Last year's World Series was the first World Series that Boston have won since 1918, which is a long, long time to wait. And the Red Sox organisation were sufficiently aware of how long the faithful had been waiting that they thought outside the box to make the ceremony really mean something. Not only did they involve all of last year's team, including flying players back to Boston from Los Angeles and San Diego, from the teams to which they'd been traded since the Series, but also including giants of the past. The gloriously named Carl Yastrzemski walked Fenway Park again.
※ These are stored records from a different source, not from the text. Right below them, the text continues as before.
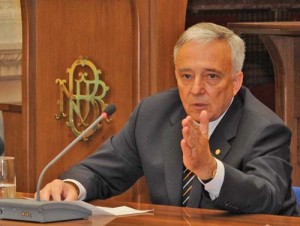 MUGUR ISARESCU-FANE (100) - Ziarul National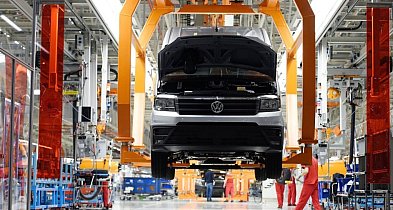 Volkswagen rozbuduje fabrykę we Wrześni; zakład będzie produkował elektryczną wers-58469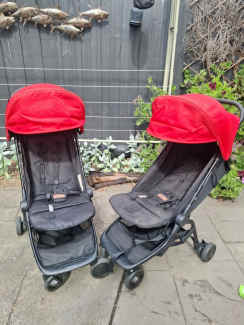 Mountain buggy nano gumtree best sale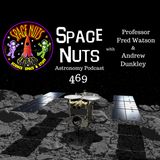 #469: Ryugu's Magnetic Mysteries, Arecibo's Silent Collapse & Venusian Impact Revelations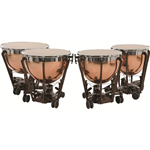 Adams P2KGSET4 Set of 4 23" thru 32" Polished Copper Timpani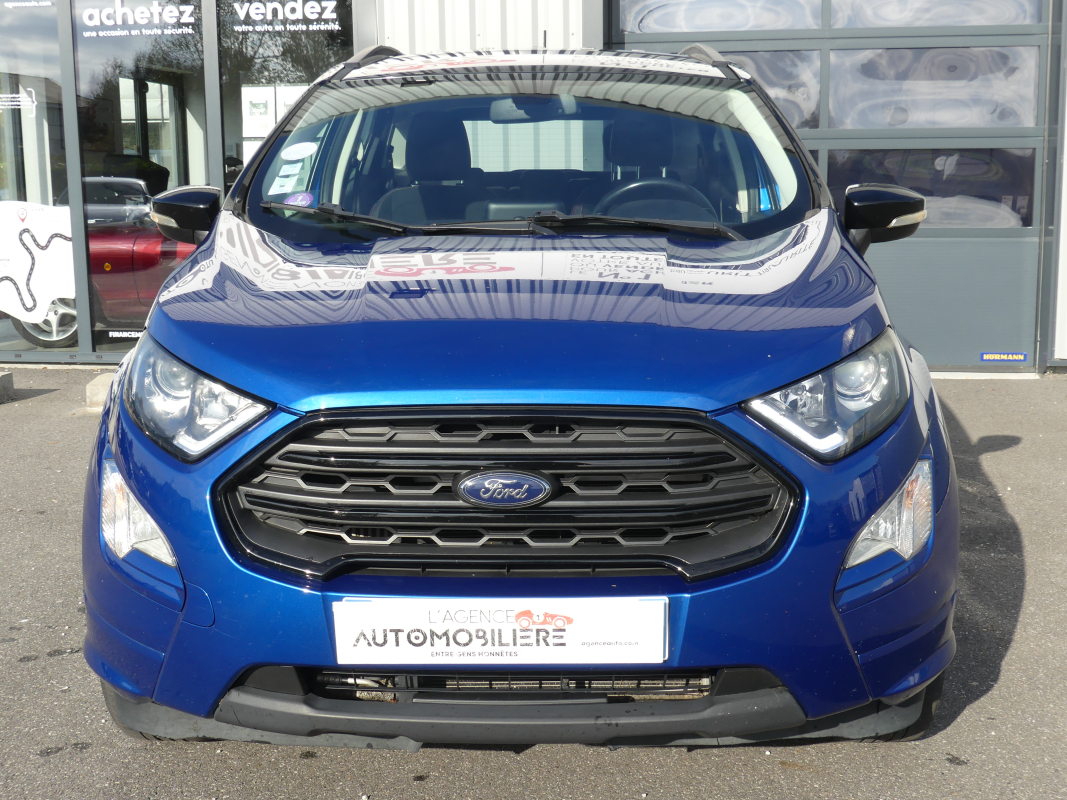Ford Ecosport — 8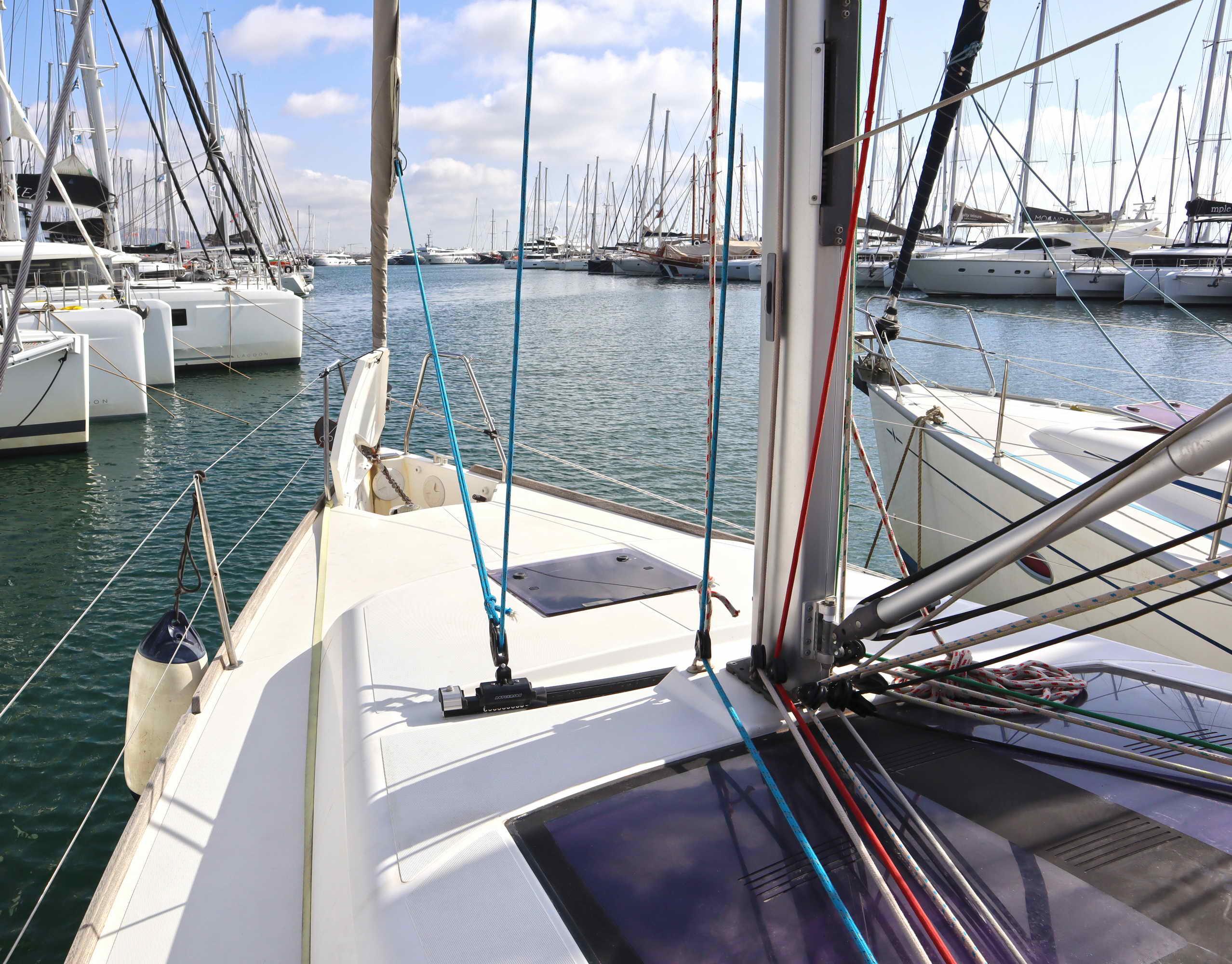 Dufour 382 GL, picture 5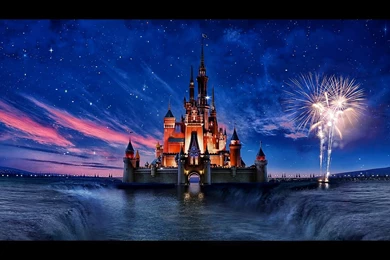 Disney Castle Wallpapers For Iphone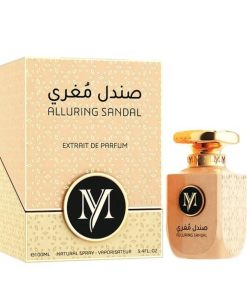 Perfumes My Perfumes Select | Perfume My Perfumes Select Alluring Sandal Unisex Extrait De Parfum 100 Ml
Eighty-five year old Johnny Pesky, who played shortshop when Boston's Ted Williams, the Splendid Splinter, set the all time single season batting average record just before Pearl Harbour and World War II, was there too, suited up with the big Boston B on his cap.

In a display of sports ecumenism that's impossible to imagine in Ireland, the ceremonial opening pitches were made by other giants of Bostonian sports history. Teddy Bruschi, a key member of the current New England Patriots team that's won three Super Bowls in four years was there. So was Bobby Orr, of an all-conquering Boston Bruins hockey team of the 1970s. And so was Bill Russell, the greatest player on the greatest - so far - Boston sports team in history, Red Auerbach's Boston Celtics of the 1960s. And they all came there to acknowledge the fact that the Red Sox were back in the big time, that the faithful had been semper fidelis all through those long years of famine, and that in sports in Boston, the Sox are first among equals, that there's no shame in saying that a Sox series is a bigger deal than a Patriot Super Bowl. Baseball runs too deep in the weft and weave of the Boston psyche for a Sox series not to overawe any event other than, perhaps, another Kennedy presidency.
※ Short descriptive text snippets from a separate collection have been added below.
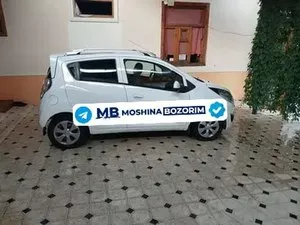 Chevrolet Spark 2012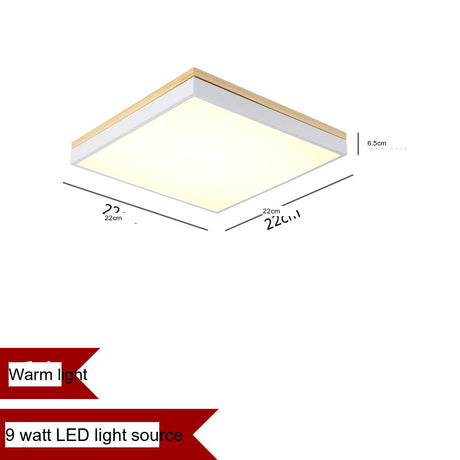 BOJI Kenji Modern Minimalistic LED Ceiling Light from BOJI
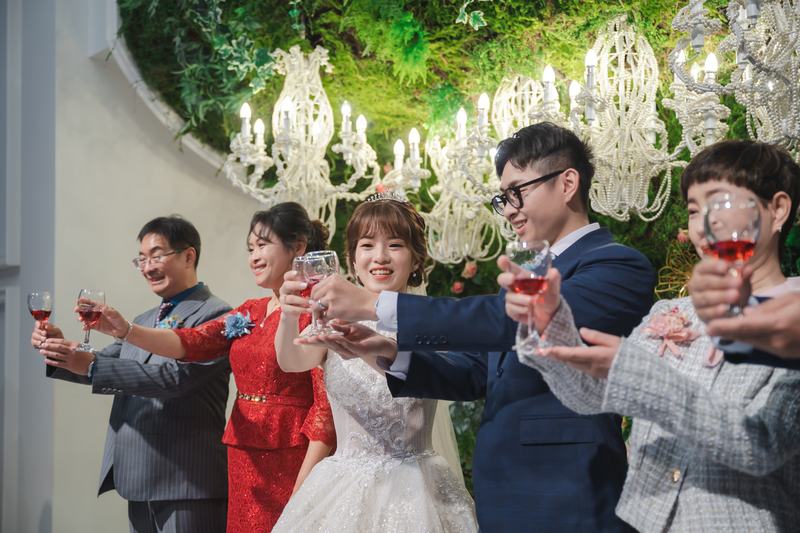 嘉緯 & 愷婗 新莊典華婚禮紀錄 52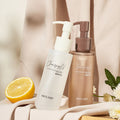 Marco andy black tea cleansing oil - gentle, deep cleansing, non-irritating 3-in-1 makeup remover for face, eyes, and lips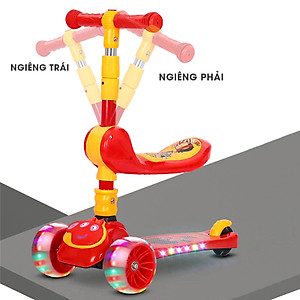 Xe trượt Scooter cho bé, Xe scooter cho bé, trẻ em cao cấp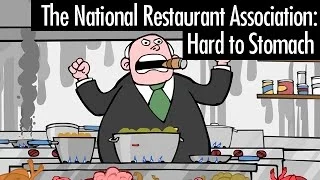 The National Restaurant Association: Hard to Stomach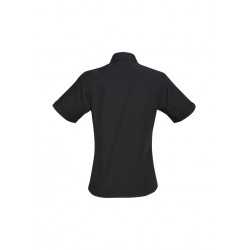 branded Ladies Bondi Short Sleeve Shirt, from our range of promotional Ladies Corporate Shirts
And once again the scene was changed; new earth there seemed to be; I saw the Holy City beside the tideless sea; or, to be more specific, Castlebar, Co Mayo, the technical home if not the beating heart of Mayo football. And then, as the vision deepened and intensified, and I saw a Mayo County Board that remembered the barren half-century and remembered those that still wore the Green and Red with pride for so many barren years - Jinkin' Joe Corcoran, Willie Joe, TJ, Liam McHale, heroes all, who were called forth from retirement and anonymity and told come, join us now in this hour of celebration, our good and faithful servants. And then I could already hear Morgan Freeman's narration on the commemorative DVD of Mayo's first All-Ireland since 1951: "I can't rightly remember when I became aware that if I was a Mayoman I was always going to lose; it seemed like that was always the way. And then Andy Dufrense/ Maggie Fitzgerald / Kieran 'McDanger' McDonald faded one in over the blackspot into the graveyard end at the Hyde and well, we knew that there and then that this was going to be a very special summer..."

Go dté an Spailpín slán go dti an aimsir aoibhinn sin.